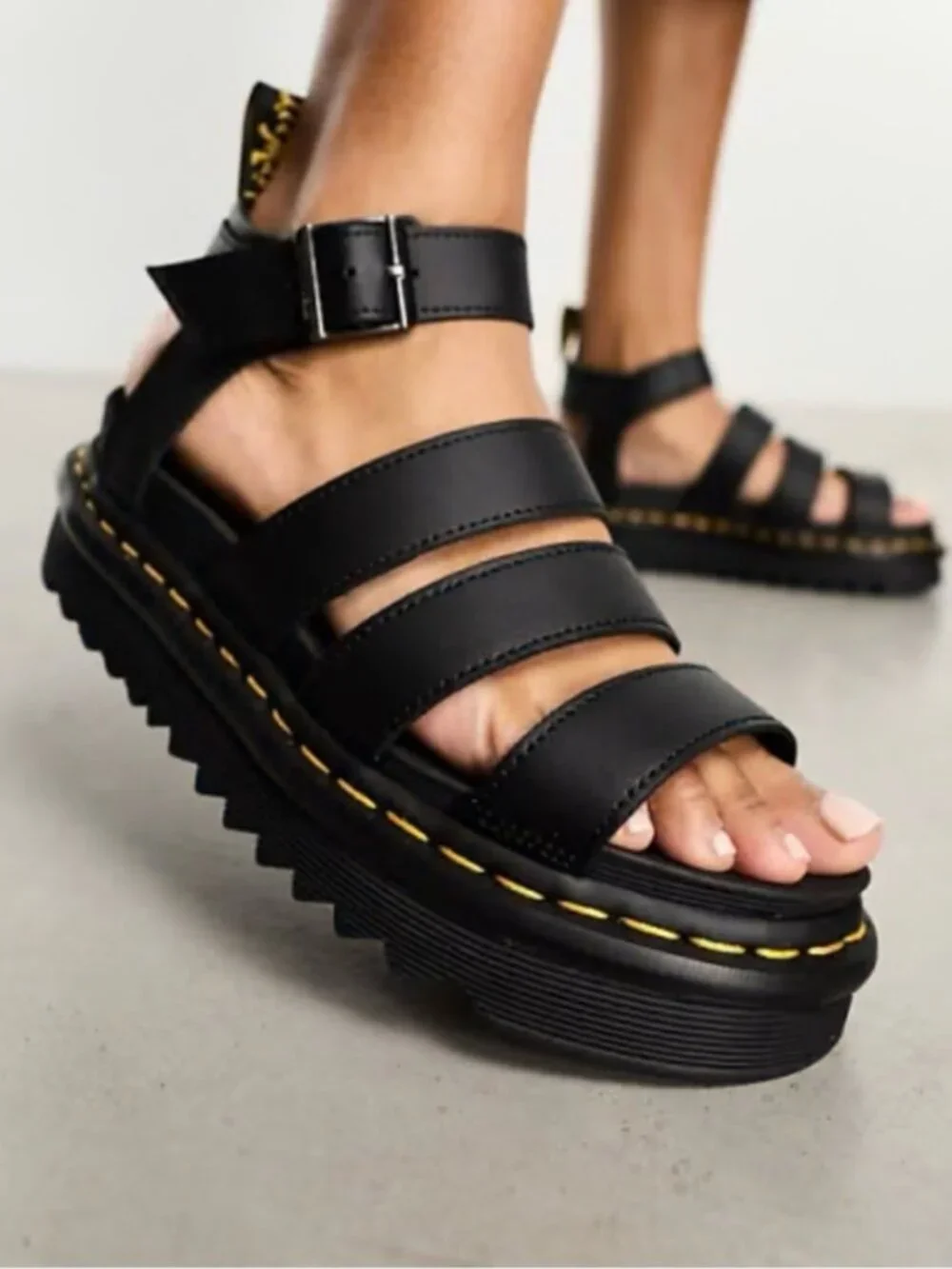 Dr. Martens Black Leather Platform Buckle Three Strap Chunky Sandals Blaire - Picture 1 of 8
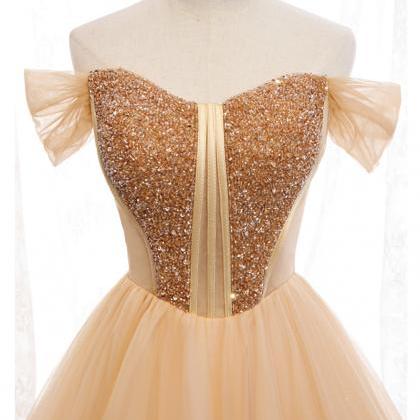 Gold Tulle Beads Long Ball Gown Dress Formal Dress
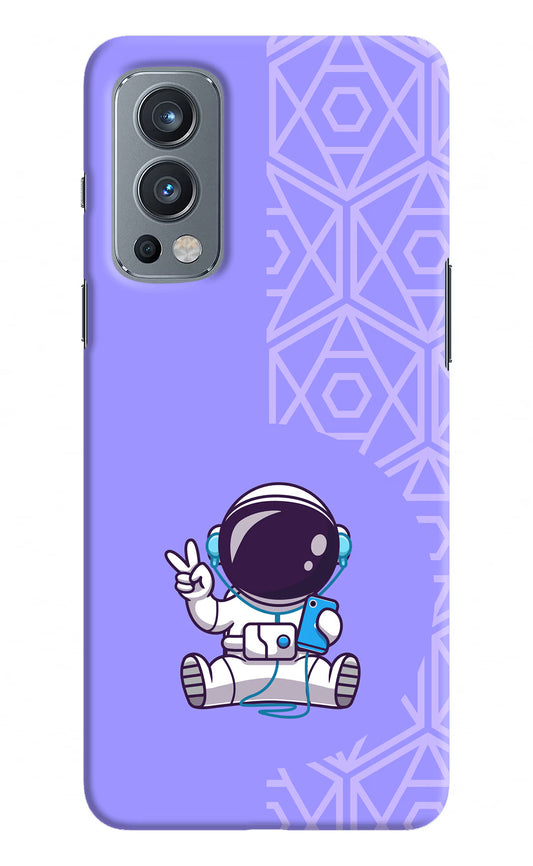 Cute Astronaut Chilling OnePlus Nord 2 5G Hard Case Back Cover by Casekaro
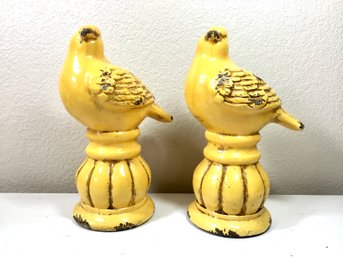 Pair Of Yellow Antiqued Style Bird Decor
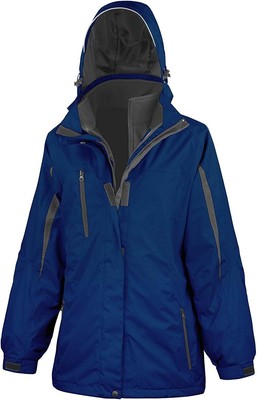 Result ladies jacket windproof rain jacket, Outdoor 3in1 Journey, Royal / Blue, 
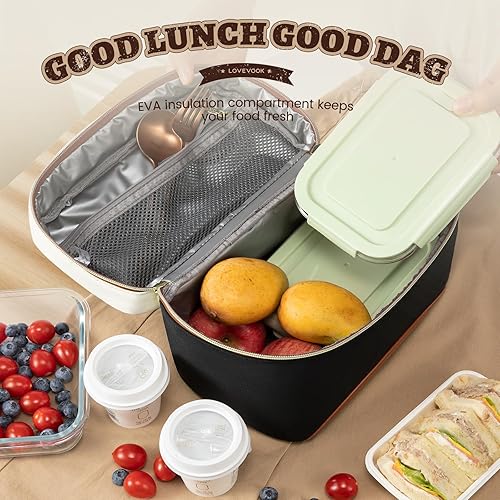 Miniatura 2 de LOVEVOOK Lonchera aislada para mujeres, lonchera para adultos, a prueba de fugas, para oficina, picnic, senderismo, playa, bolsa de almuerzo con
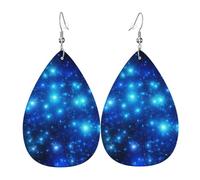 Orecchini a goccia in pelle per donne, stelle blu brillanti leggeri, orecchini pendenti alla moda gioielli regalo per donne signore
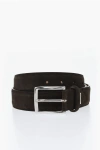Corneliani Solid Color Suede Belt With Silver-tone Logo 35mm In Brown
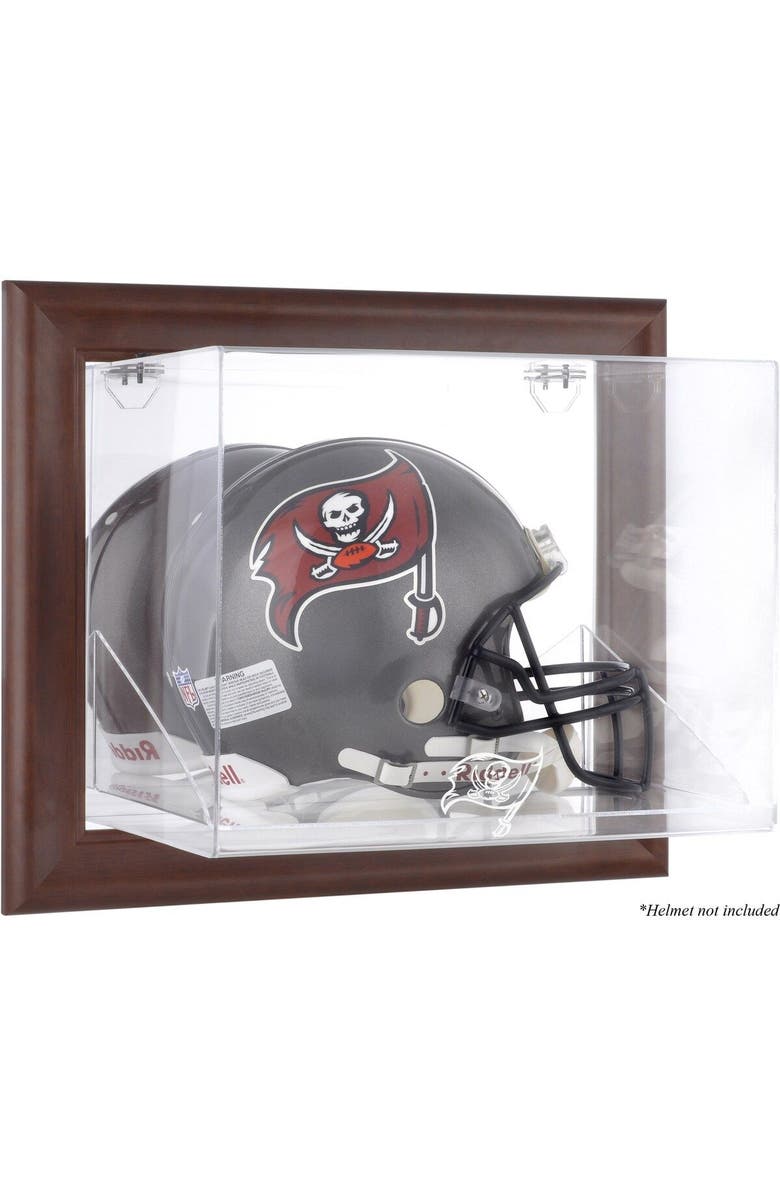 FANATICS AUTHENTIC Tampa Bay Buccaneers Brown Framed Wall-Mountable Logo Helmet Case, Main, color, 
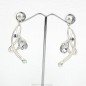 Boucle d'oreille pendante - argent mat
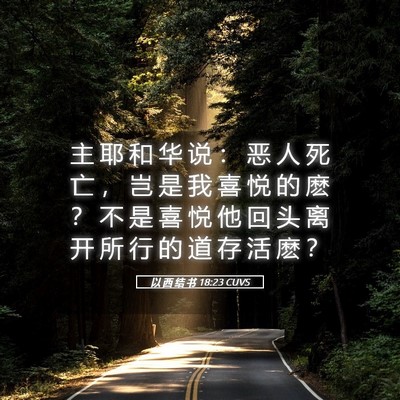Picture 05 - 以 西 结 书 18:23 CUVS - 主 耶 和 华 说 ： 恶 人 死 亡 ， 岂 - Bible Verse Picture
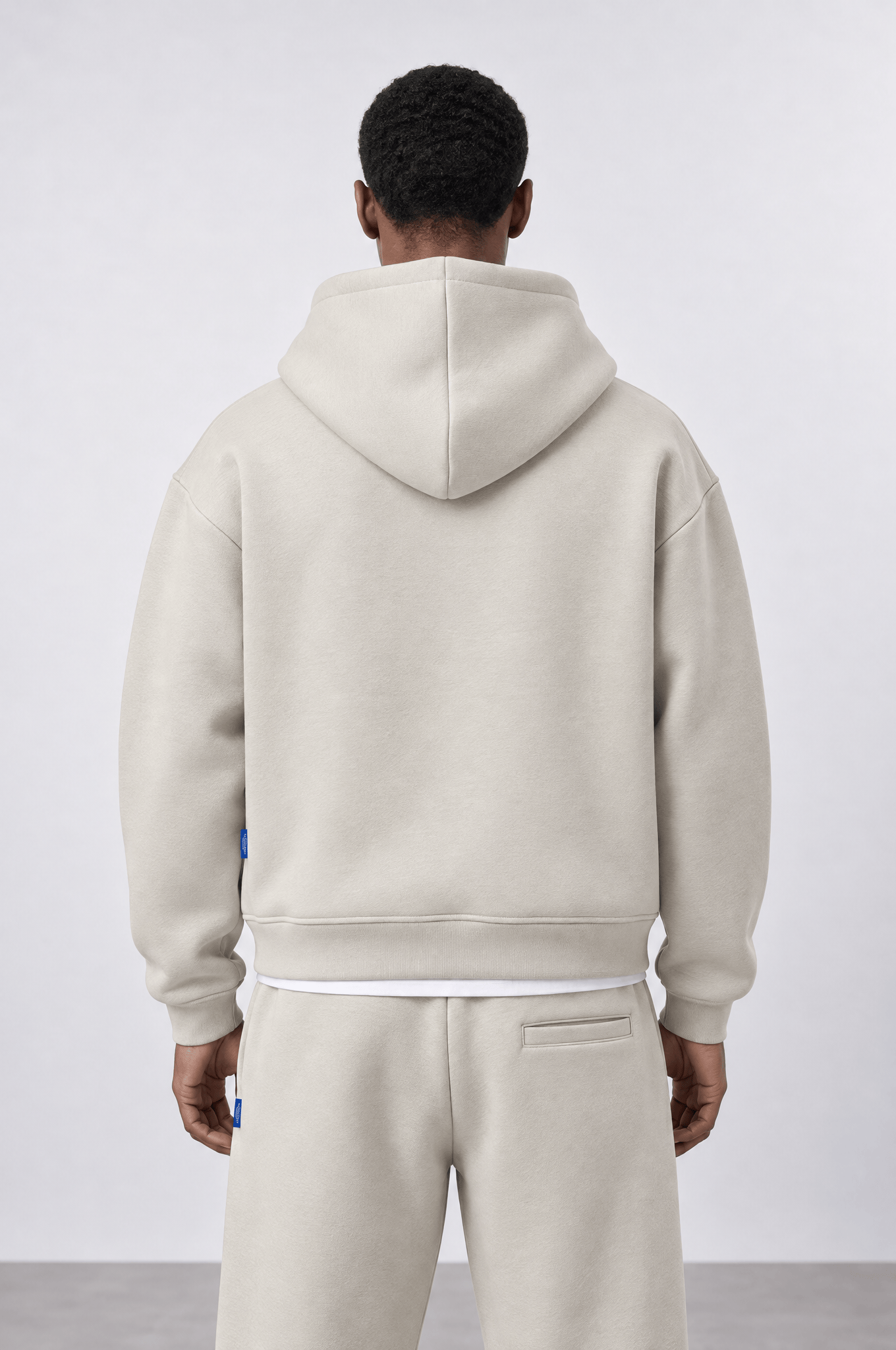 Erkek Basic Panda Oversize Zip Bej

+++

TASK TO CARRY OUT - Apart from the pictures, the whole listing should be reproduced exactly.

ANSWER TO THIS EXERCISE -
 Dr. Martens Black Leather Platform Buckle Three Strap Chunky Sandals Blaire - Picture 1 of 8
 Gold Tulle Beads Long Ball Gown Dress Formal Dress
 Cute Astronaut Chilling OnePlus Nord 2 5G Hard Case Back Cover by Casekaro
 Pair Of Yellow Antiqued Style Bird Decor
 Result ladies jacket windproof rain jacket, Outdoor 3in1 Journey, Royal / Blue, 
 Miniatura 2 de LOVEVOOK Lonchera aislada para mujeres, lonchera para adultos, a prueba de fugas, para oficina, picnic, senderismo, playa, bolsa de almuerzo con
 Orecchini a goccia in pelle per donne, stelle blu brillanti leggeri, orecchini pendenti alla moda gioielli regalo per donne signore
Corneliani Solid Color Suede Belt With Silver-tone Logo 35mm In Brown
 FANATICS AUTHENTIC Tampa Bay Buccaneers Brown Framed Wall-Mountable Logo Helmet Case, Main, color, 
 Boucle d'oreille pendante - argent mat
Picture 05 - 以 西 结 书 18:23 CUVS - 主 耶 和 华 说 ： 恶 人 死 亡 ， 岂 - Bible Verse Picture
 Erkek Basic Panda Oversize Zip Bej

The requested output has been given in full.